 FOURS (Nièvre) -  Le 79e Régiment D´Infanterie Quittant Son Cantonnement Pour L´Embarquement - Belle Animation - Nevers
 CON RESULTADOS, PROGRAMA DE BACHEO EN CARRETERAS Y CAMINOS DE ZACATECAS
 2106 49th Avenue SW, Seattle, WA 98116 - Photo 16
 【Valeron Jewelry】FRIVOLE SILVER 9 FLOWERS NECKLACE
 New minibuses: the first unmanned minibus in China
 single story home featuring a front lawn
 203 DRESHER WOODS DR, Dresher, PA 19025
--
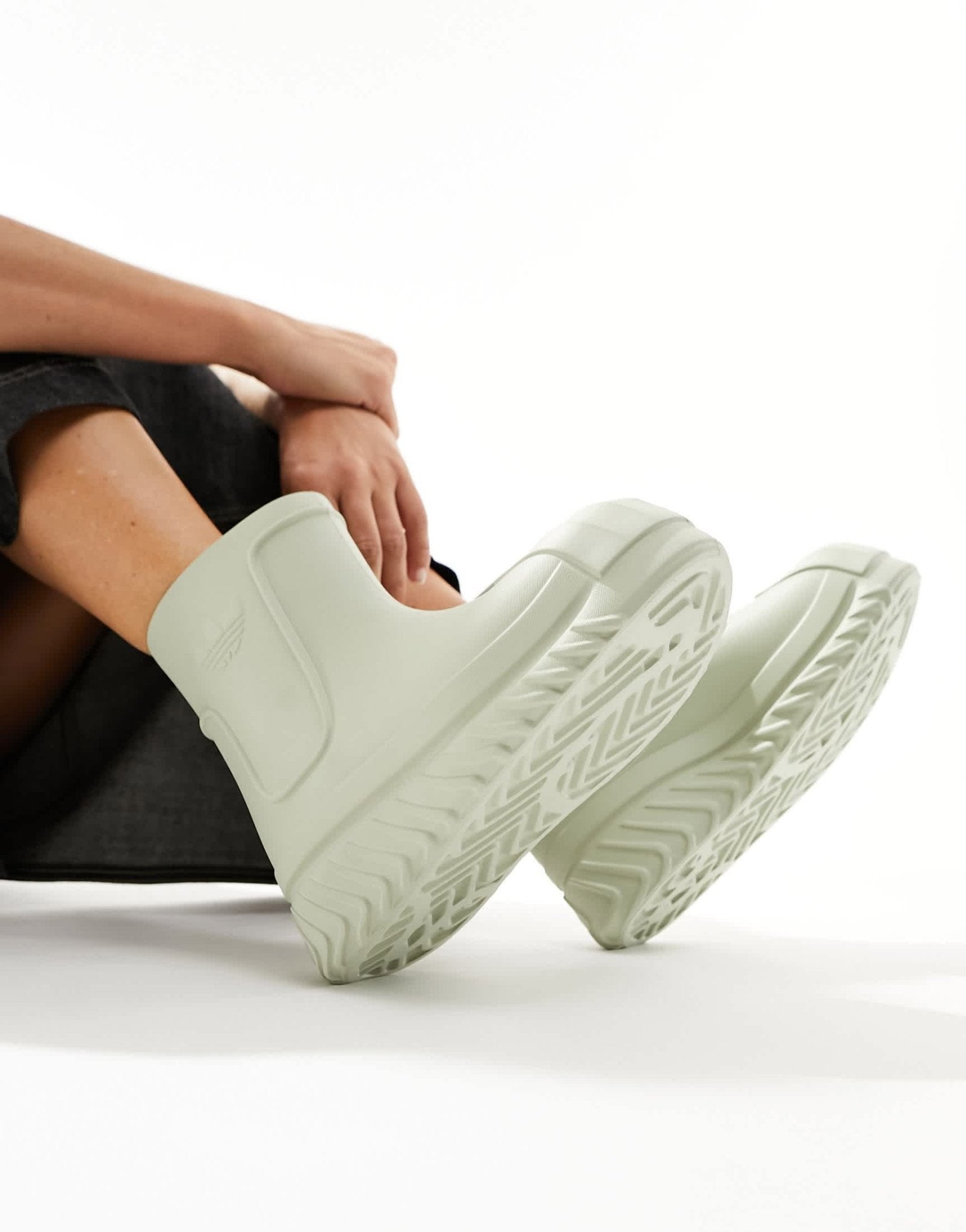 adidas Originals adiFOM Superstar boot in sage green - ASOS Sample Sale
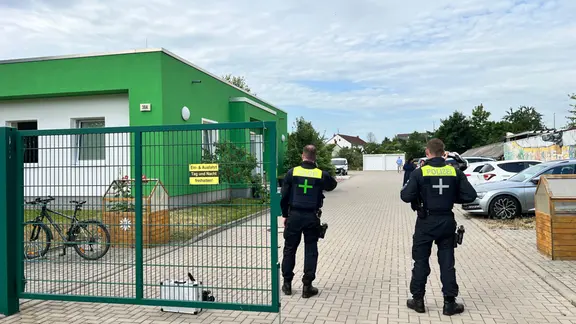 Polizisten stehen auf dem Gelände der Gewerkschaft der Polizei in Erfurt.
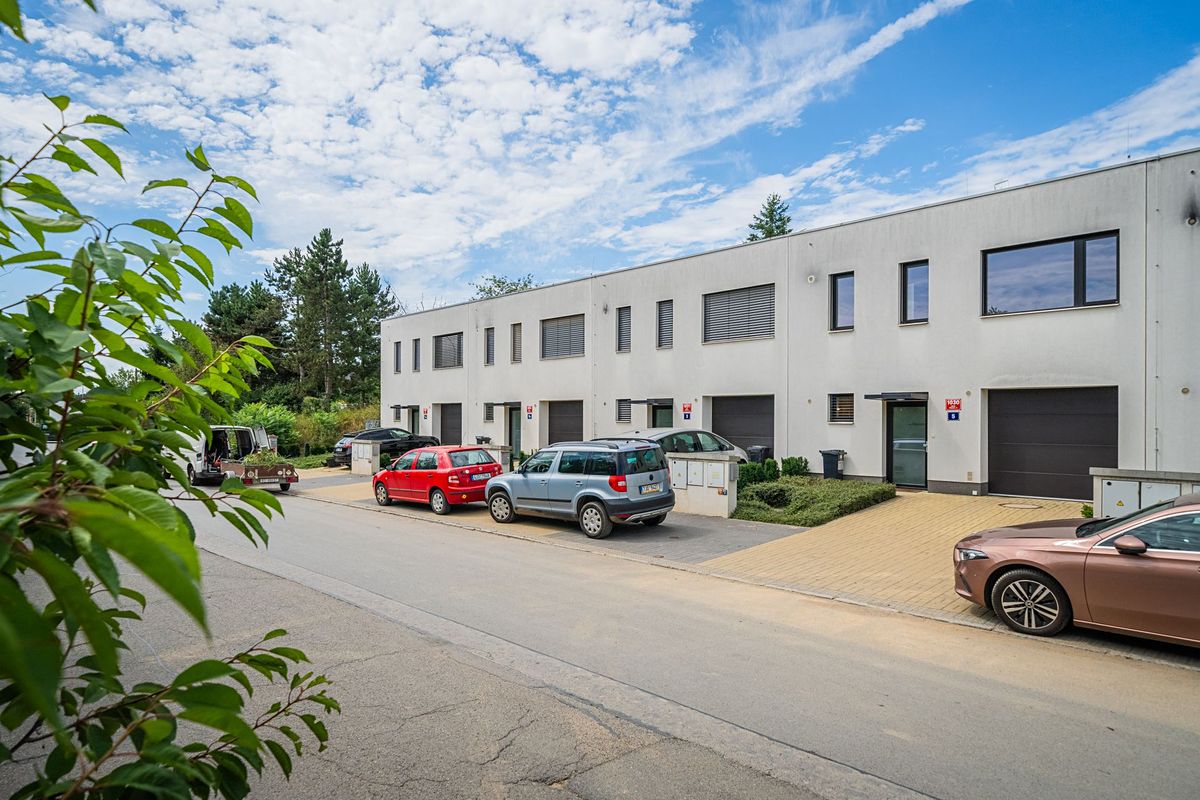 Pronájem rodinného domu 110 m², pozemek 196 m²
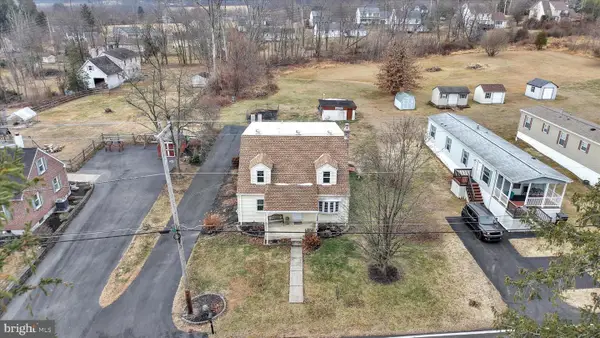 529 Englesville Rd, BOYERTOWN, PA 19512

=== DIRECTIONS FOR THIS TASK ===
Starting at the line above that contains "Animation - Nevers", repeat each line exactly up to and including the line that contains "203 DRESHER WOODS DR, Dresher, PA 19025", and stop there.

=== SOLUTION TO THIS EXERCISE ===
 FOURS (Nièvre) -  Le 79e Régiment D´Infanterie Quittant Son Cantonnement Pour L´Embarquement - Belle Animation - Nevers
 CON RESULTADOS, PROGRAMA DE BACHEO EN CARRETERAS Y CAMINOS DE ZACATECAS
 2106 49th Avenue SW, Seattle, WA 98116 - Photo 16
 【Valeron Jewelry】FRIVOLE SILVER 9 FLOWERS NECKLACE
 New minibuses: the first unmanned minibus in China
 single story home featuring a front lawn
 203 DRESHER WOODS DR, Dresher, PA 19025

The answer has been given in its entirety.